L’article d’Hervé Guay, « “Où est l’immortalité? That is the question” : censure et moralité dans les chroniques culturelles des quotidiens montréalais de l’entre-deux-guerres », s’intéresse pour sa part à l’actualité théâtrale ordinaire, en examinant l’évolution de la dimension morale des critères de jugement. Dans ce texte touffu, Guay retrace la position des principaux chroniqueurs s’étant exprimés sur les questions de censure et de moralité dans des articles à tonalité polémique, un choix méthodologique à questionner puisque l’article lui-même établit l’existence d’un consensus d’époque autour de la légitimité du jugement moral. Guay constate un certain renversement entre les années 1920, où les chroniqueurs traitent plus explicitement de la pertinence d’exercer ou non une certaine censure, et les années 1930 qui montrent plutôt une intériorisation de la contrainte morale (décence, mixité des troupes, choix du répertoire chrétien). Dans un deuxième temps, l’article explore le discours tenu sur les circuits évoluant en marge du milieu professionnel, notamment ceux qu’animent les autorités ecclésiastiques pour « prescrire un dire par le biais d’une instauration du régionalisme à la scène [et pour] favoris[er] l’encadrement de troupes d’amateurs vouées à l’émergence d’un théâtre d’art chrétien » (143). On retient de ce vaste tour d’horizon que la question morale reste prégnante dans l’entre-deux-guerres, bien que les chroniqueurs s’opposent (en vain) à une censure extérieure et s’entendent de plus en plus pour juger d’abord la dimension esthétique des oeuvres.

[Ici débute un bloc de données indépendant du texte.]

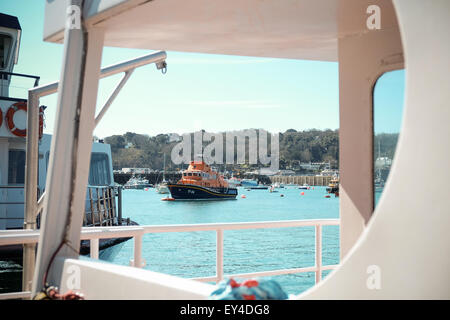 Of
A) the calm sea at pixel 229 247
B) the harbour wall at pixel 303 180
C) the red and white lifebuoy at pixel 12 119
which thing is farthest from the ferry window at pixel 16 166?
the harbour wall at pixel 303 180

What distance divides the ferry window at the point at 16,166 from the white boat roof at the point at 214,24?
9.53 meters

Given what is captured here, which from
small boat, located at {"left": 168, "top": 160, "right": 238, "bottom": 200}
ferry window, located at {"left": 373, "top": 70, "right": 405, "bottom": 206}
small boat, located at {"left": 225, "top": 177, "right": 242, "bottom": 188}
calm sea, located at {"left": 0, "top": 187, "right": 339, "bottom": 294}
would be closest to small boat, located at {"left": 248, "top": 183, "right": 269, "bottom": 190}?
small boat, located at {"left": 225, "top": 177, "right": 242, "bottom": 188}

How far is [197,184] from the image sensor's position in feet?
187

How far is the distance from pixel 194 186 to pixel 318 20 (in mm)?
54852

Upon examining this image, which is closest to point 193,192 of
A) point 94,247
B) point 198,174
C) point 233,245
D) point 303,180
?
point 198,174

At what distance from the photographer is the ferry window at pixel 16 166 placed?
38.2ft

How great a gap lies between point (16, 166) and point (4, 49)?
3.43m

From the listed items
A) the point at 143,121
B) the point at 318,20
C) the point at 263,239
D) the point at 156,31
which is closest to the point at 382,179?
the point at 318,20

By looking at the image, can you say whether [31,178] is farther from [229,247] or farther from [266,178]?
[266,178]

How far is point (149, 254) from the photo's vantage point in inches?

Intitulé « “Empire” et “Nation” dans le regard du Montreal Star sur la scène dramatique francophone : les chroniques de Samuel Morgan-Powell (1913-1953) », l’article suivant, signé par Lorne Huston, porte sur l’une des principales figures critiques du Montréal anglophone. L’intérêt de ce texte est de faire découvrir la scène théâtrale francophone sous le regard de l’Autre, le critique anglophone dont l’identité canadienne est d’abord forgée par les rapports qu’il entretient avec l’Europe de l’Empire britannique ou les États-Unis, qu’il honnit. Huston s’intéresse à la « forme » de ces commentaires sur la scène francophone, c’est-à-dire sur le « champ » d’activité couvert, sur leur profondeur et leur évolution en diachronie, ainsi que sur ses points aveugles. C’est ainsi qu’il qualifie la perspective de Morgan-Powell d’« impériale », puisqu’elle néglige la scène locale et ne s’intéresse au théâtre de langue française que dans le cadre des réseaux européens de diffusion. À partir de 1929, la carrière de Morgan-Powell prend un autre tour lorsqu’il accède à la direction du Star et son intérêt pour la scène francophone chute radicalement; c’est à l’exploration des facteurs de ce retournement que se consacre la dernière partie de l’article. La transformation du milieu du théâtre décimé par la crise économique et l’arrivée du cinéma parlant incitent Morgan-Powell à réfléchir à l’émergence d’un théâtre canadien issu des pratiques locales. Or, la scène francophone se trouve refoulée au statut d’impensé puisque le critique envisage l’identité culturelle du Canada sans tenir compte de son bilinguisme. Le rôle auparavant tenu par le théâtre francophone (proposer un autre modèle que celui du théâtre anglophone d’influence britannique) n’y est donc pas réactualisé.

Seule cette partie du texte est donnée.